3 Pillars of Computer Security

  • Confidentiality,
  • Integrity
  • Availability

Sometimes we also use CAID, DICP or DICPA in French Availability, Integrity, Confidentiality, Proof

Plus 2

  • Authenticity (or Proof)
  • Non-repudiation

Confidentiality

Only authorized individuals should have access to the information intended for them (notions of rights or permissions). Any undesirable access must be prevented.

Associated Mechanisms:

  • Rights management (directories, roles, etc.)
  • Cryptography

We talk more about encryption.

Integrity

Data must be as expected and must not be altered accidentally, unlawfully, or maliciously.

Associated Mechanisms:

  • Digital signature
  • Checksum

Digital signature: Ensures the integrity of a document, i.e., ensures that the document has not been altered between its signing and its consultation; authenticates its author, i.e., ensures the identity of the signing person. Checksum: Parity bit.

Availability

Access to the information system’s resources must be permanent and flawless during the planned usage periods.

Associated Mechanisms:

  • Server redundancy
  • Virtualization
  • Containerization

Backup Talk about deployment beforehand.

Traceability

Ensures that accesses and access attempts to the considered elements are traced and that these traces are preserved and usable.

Associated Mechanism:

  • Logging

Logs (better than prints) Project 2024-2025

Authentication

Users must prove their identity by responding to a “challenge.”

Associated Mechanisms:

  • Weak authentication (identifier, password)
  • Strong authentication (biometric data, multi-factor)

Non-repudiation

No user should be able to dispute the operations they have performed within the scope of their authorized actions, and no third party should be able to attribute the actions of one user to another.

Associated Mechanisms:

  • Traceability
  • Authentication
  • Integrity

It wasn’t me But it’s your name! Don’t leave your sessions open during breaks (CTRL + ALT + F12)

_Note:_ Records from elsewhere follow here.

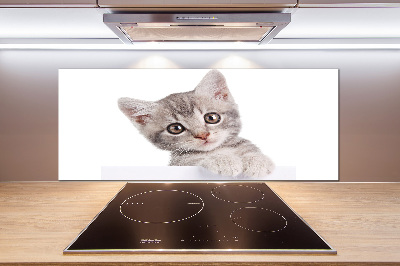 Panel para cocina gato gris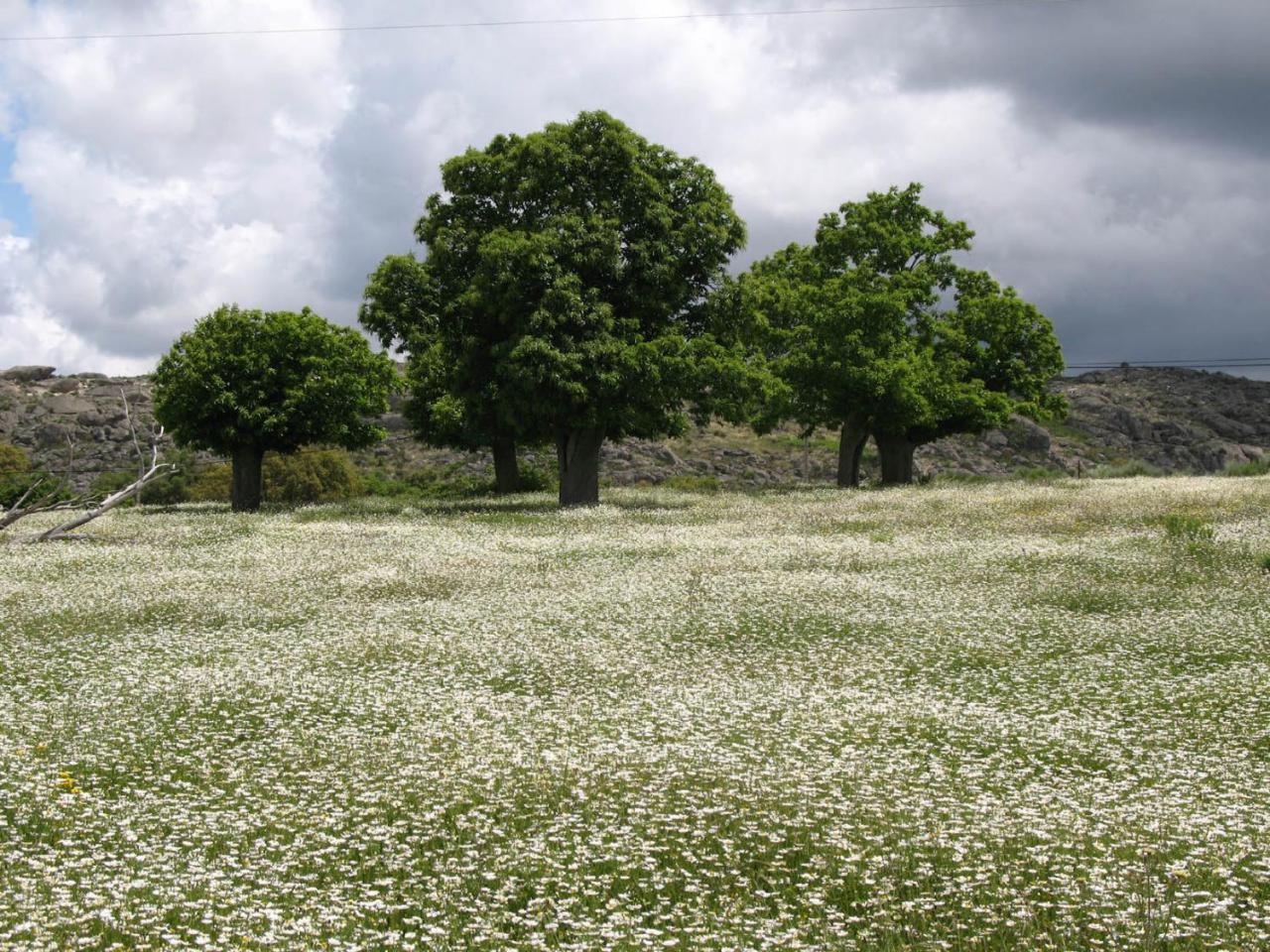 הוילה Valencia de Alcántara Quinta De Luna מראה חיצוני תמונה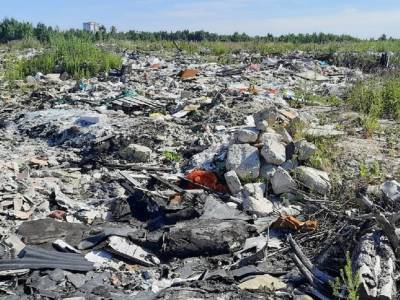 В Петербурге за полтора года с организаторов нелегальных свалок взыскали 19,5 млн рублей - rosbalt.ru - Санкт-Петербург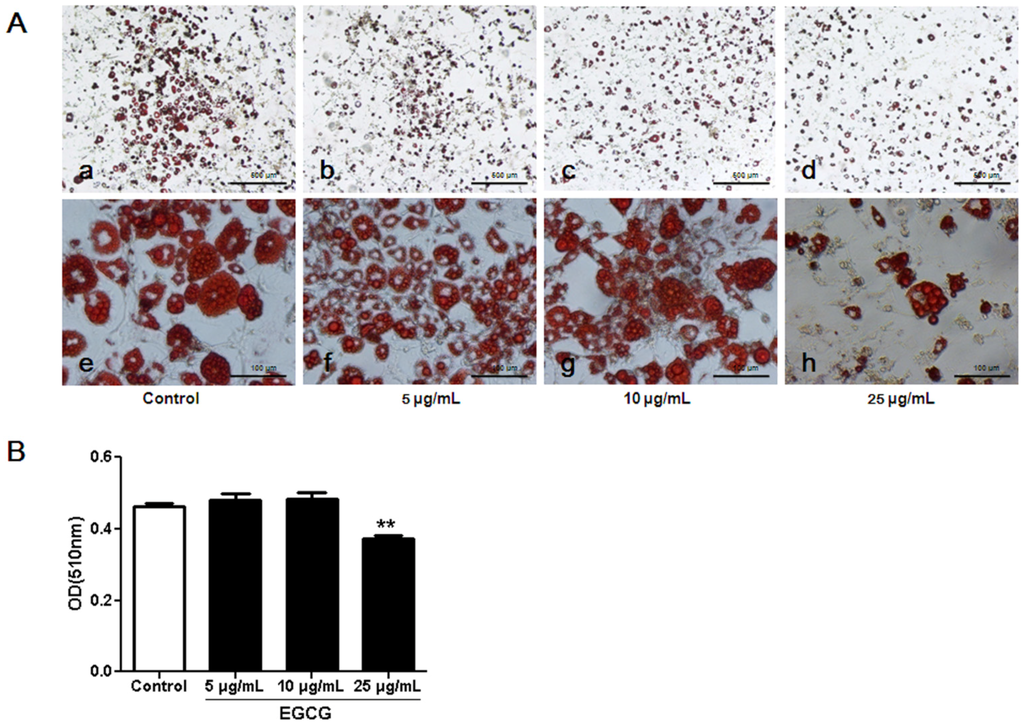 Nutrients 07 05437 g002 1024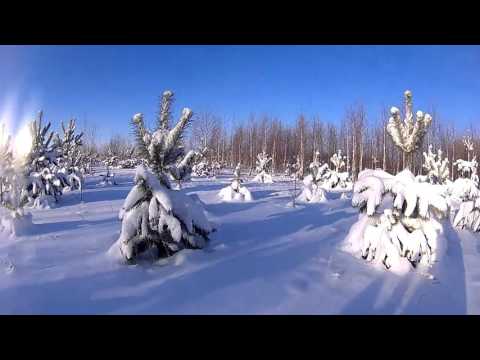 Видео: Охота на снегоходе.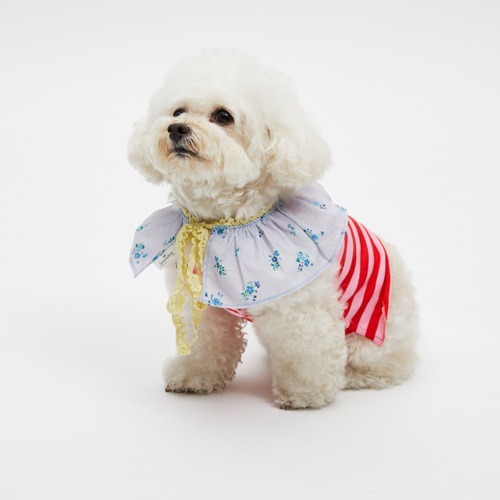 Louisdog 英式浪漫古典斗篷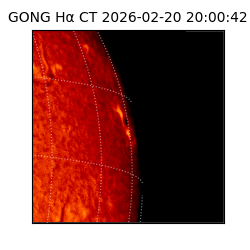 gong - 2026-02-20T20:00:42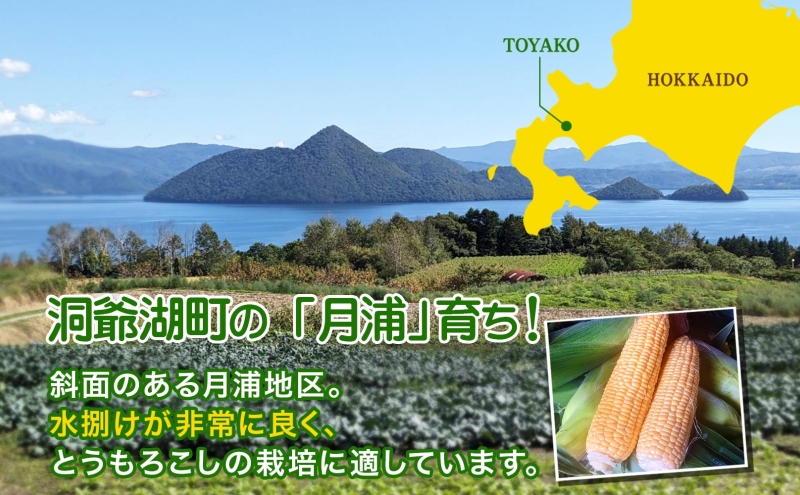 北海道 月浦 めぐみ ゴールド 5kg  先行受付 8月下旬～9月中旬頃にお届け とうもろこしトウモロコシ とうきび 恵味 スイート コーン 旬 野菜 甘い 大粒 人気 朝採り 産地直送 青山農園 送料無料 洞爺湖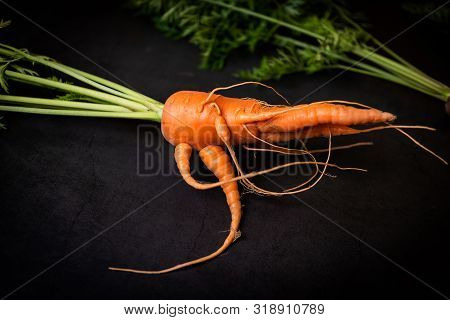 A Strange Funny-shaped Carrot With Tops On A Dark Background. Vegetable Crop Concept. Minimalism, To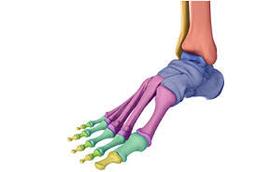 placeholder image to represent content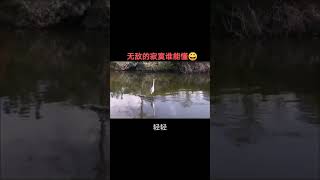 此等音律，岂是你鳄族能懂！其实我就是装装逼，见笑见笑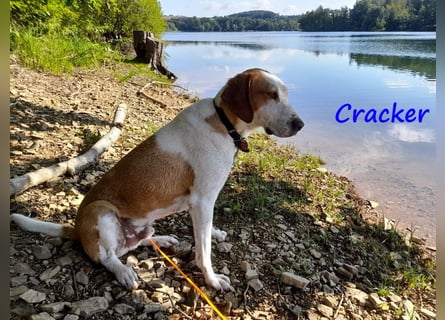Cracker 10/2021 (in Deutschland) - ausgeglichener und verschmuster Rüde!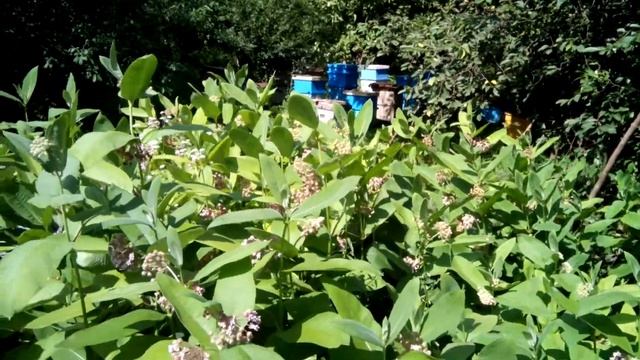 сирийский ваточник смотреть онлайн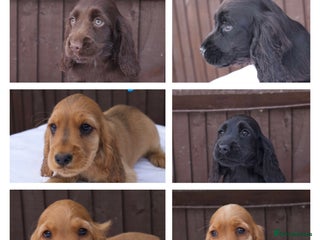 Cocker Spaniel dogs - Advert 10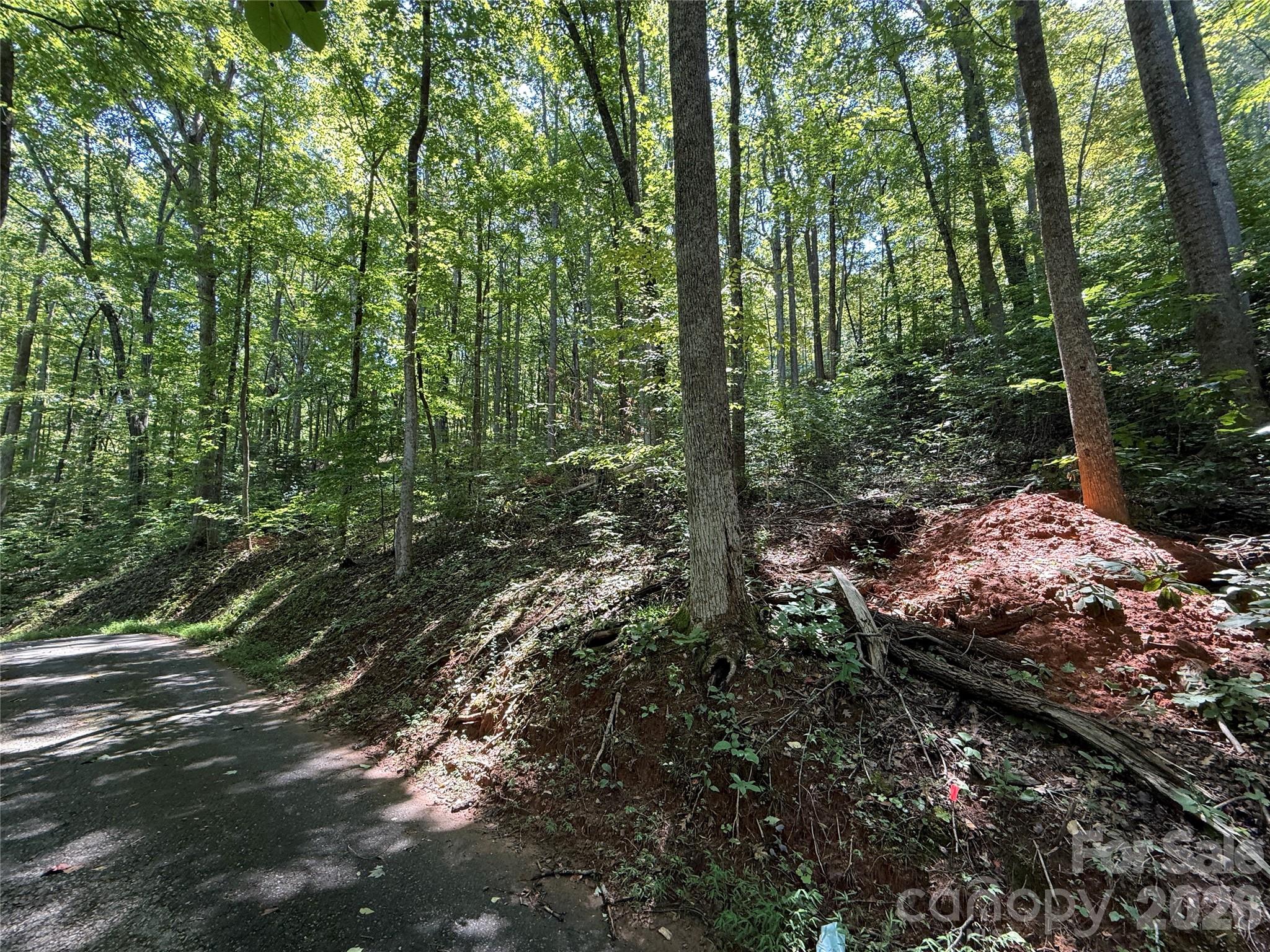 Lot 114 High Pines Loop Property Photo 8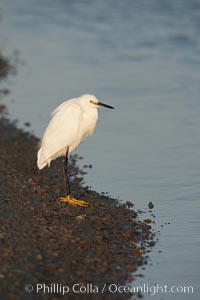 Snowy egret wading, foraging for small fish in shallow water, Egretta thula, San Diego Bay National Wildlife Refuge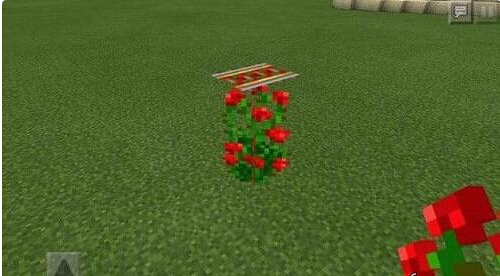 我的世界手机版悬浮轨道怎么做 玫瑰代替方块[多图]图片3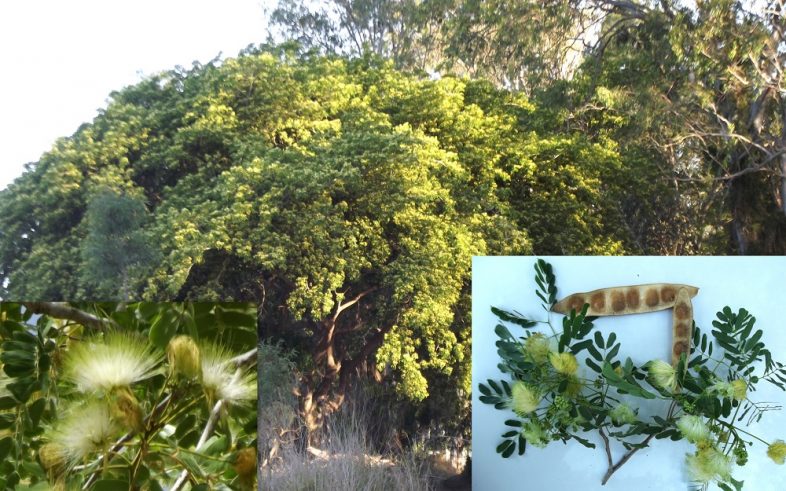 Silk Mimosa East Indian Walnut Siris Tree Albizia Lebbeck Seeds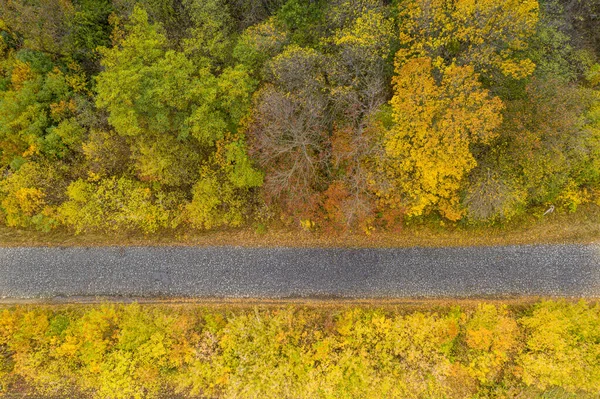 Дорога в вечернем осеннем лиственном лесу. Вид на дрон . — стоковое фото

Computer Security Vulnerabilities

Too Many Vulnerabilities!!!

  • Low-level physical vulnerabilities
  • High-level physical vulnerabilities
  • SQL Injection
  • Data injection
  • XSS Vulnerability
  • Code execution
  • Low-level physical vulnerabilities: power outage, server room flooding
  • High-level physical vulnerabilities: physical access to a machine

What Should You Be Wary Of?

Your users

Example of Vulnerabilities: SQL Injections

Source: https://xkcd.com/

SQL Injection

Involves entering SQL to execute a different query than intended.

Problems:

  • Confidentiality
  • Authentication
  • Integrity
  • Availability

Example: Authenticating Without a Password

Authentication query

SELECT *
  FROM user
 WHERE name = 'input_name'
   AND password = 'input_password';
NoteYou Enter
  • Gennysson
  • awesome_password
SELECT *
  FROM user
 WHERE name = 'Gennysson'
   AND password = 'awesome_password';

If your cursor.execute contains this code

Example: Authenticating Without a Password

SELECT *
  FROM user
 WHERE name = 'input_name'
   AND password = 'input_password';
WarningYou Enter
  • Gennysson
  • ' OR 1=1; --
SELECT *
  FROM user
 WHERE name = 'Gennysson'
   AND password = '' OR 1=1; --';

Example: Deleting a Table

SELECT *
  FROM user
 WHERE name = 'input_name'
   AND password = 'input_password';
WarningYou Enter
  • Gennysson
  • '; DROP TABLE user CASCADE; --
SELECT *
  FROM user
 WHERE name='Gennysson'
   AND password=''; DROP TABLE user CASCADE; --;

How to Protect Yourself?

  • Escape special characters
  • Use a prepared query

The library you use only escapes special characters 😨

A prepared query :

The second solution is better than the first, but psycopg2 doesn’t seem to offer it simply.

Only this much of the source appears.